Records for the task:
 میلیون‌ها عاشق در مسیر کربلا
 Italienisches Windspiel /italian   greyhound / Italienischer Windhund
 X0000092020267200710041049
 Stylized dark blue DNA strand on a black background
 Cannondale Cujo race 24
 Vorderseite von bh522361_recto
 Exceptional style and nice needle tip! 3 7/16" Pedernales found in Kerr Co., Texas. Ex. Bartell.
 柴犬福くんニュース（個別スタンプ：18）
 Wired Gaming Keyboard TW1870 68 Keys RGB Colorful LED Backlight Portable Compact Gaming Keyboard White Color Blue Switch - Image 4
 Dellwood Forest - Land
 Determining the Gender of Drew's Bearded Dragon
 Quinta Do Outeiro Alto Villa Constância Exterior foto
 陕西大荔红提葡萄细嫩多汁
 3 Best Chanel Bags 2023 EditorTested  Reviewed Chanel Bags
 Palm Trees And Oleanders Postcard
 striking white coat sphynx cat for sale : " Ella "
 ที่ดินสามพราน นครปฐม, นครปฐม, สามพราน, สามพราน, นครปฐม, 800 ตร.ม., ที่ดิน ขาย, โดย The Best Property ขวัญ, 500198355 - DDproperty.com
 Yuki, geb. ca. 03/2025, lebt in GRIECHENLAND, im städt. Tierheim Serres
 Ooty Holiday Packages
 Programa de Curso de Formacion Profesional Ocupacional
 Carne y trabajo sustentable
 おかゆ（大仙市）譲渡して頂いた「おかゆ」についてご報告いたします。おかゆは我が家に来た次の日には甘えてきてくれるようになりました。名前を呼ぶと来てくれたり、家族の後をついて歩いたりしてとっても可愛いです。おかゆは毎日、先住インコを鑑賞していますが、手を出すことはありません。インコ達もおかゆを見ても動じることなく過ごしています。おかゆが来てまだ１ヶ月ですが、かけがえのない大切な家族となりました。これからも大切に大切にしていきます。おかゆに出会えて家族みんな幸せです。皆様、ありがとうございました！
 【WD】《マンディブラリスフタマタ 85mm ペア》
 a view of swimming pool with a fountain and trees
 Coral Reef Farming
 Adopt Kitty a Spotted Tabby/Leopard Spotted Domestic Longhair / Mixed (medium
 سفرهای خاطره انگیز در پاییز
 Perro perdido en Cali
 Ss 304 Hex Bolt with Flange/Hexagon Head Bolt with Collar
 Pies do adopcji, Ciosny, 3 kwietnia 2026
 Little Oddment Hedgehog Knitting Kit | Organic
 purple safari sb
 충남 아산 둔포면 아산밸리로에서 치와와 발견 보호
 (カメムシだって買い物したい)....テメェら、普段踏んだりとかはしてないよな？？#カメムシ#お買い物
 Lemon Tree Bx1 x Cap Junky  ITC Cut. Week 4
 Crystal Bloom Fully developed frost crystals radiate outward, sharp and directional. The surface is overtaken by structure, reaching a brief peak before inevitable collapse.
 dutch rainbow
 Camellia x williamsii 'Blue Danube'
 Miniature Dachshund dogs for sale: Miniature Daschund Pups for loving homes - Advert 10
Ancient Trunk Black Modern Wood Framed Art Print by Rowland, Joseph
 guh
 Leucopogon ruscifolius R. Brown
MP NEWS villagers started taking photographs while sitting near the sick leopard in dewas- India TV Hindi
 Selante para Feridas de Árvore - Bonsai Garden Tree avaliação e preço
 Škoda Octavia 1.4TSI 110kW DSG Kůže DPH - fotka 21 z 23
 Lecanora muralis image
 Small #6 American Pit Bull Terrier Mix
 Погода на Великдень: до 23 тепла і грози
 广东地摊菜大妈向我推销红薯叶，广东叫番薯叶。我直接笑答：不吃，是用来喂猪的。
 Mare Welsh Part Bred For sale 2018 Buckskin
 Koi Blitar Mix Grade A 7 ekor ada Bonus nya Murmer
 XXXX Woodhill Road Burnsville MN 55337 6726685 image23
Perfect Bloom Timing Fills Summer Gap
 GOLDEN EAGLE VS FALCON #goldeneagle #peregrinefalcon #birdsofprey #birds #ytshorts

How to complete this task: What you give back must be the stretch above, starting at the line with "3 Best Chanel" and ending at the line with "Camellia x williamsii 'Blue Danube'", copied exactly.

Task answer:
 3 Best Chanel Bags 2023 EditorTested  Reviewed Chanel Bags
 Palm Trees And Oleanders Postcard
 striking white coat sphynx cat for sale : " Ella "
 ที่ดินสามพราน นครปฐม, นครปฐม, สามพราน, สามพราน, นครปฐม, 800 ตร.ม., ที่ดิน ขาย, โดย The Best Property ขวัญ, 500198355 - DDproperty.com
 Yuki, geb. ca. 03/2025, lebt in GRIECHENLAND, im städt. Tierheim Serres
 Ooty Holiday Packages
 Programa de Curso de Formacion Profesional Ocupacional
 Carne y trabajo sustentable
 おかゆ（大仙市）譲渡して頂いた「おかゆ」についてご報告いたします。おかゆは我が家に来た次の日には甘えてきてくれるようになりました。名前を呼ぶと来てくれたり、家族の後をついて歩いたりしてとっても可愛いです。おかゆは毎日、先住インコを鑑賞していますが、手を出すことはありません。インコ達もおかゆを見ても動じることなく過ごしています。おかゆが来てまだ１ヶ月ですが、かけがえのない大切な家族となりました。これからも大切に大切にしていきます。おかゆに出会えて家族みんな幸せです。皆様、ありがとうございました！
 【WD】《マンディブラリスフタマタ 85mm ペア》
 a view of swimming pool with a fountain and trees
 Coral Reef Farming
 Adopt Kitty a Spotted Tabby/Leopard Spotted Domestic Longhair / Mixed (medium
 سفرهای خاطره انگیز در پاییز
 Perro perdido en Cali
 Ss 304 Hex Bolt with Flange/Hexagon Head Bolt with Collar
 Pies do adopcji, Ciosny, 3 kwietnia 2026
 Little Oddment Hedgehog Knitting Kit | Organic
 purple safari sb
 충남 아산 둔포면 아산밸리로에서 치와와 발견 보호
 (カメムシだって買い物したい)....テメェら、普段踏んだりとかはしてないよな？？#カメムシ#お買い物
 Lemon Tree Bx1 x Cap Junky  ITC Cut. Week 4
 Crystal Bloom Fully developed frost crystals radiate outward, sharp and directional. The surface is overtaken by structure, reaching a brief peak before inevitable collapse.
 dutch rainbow
 Camellia x williamsii 'Blue Danube'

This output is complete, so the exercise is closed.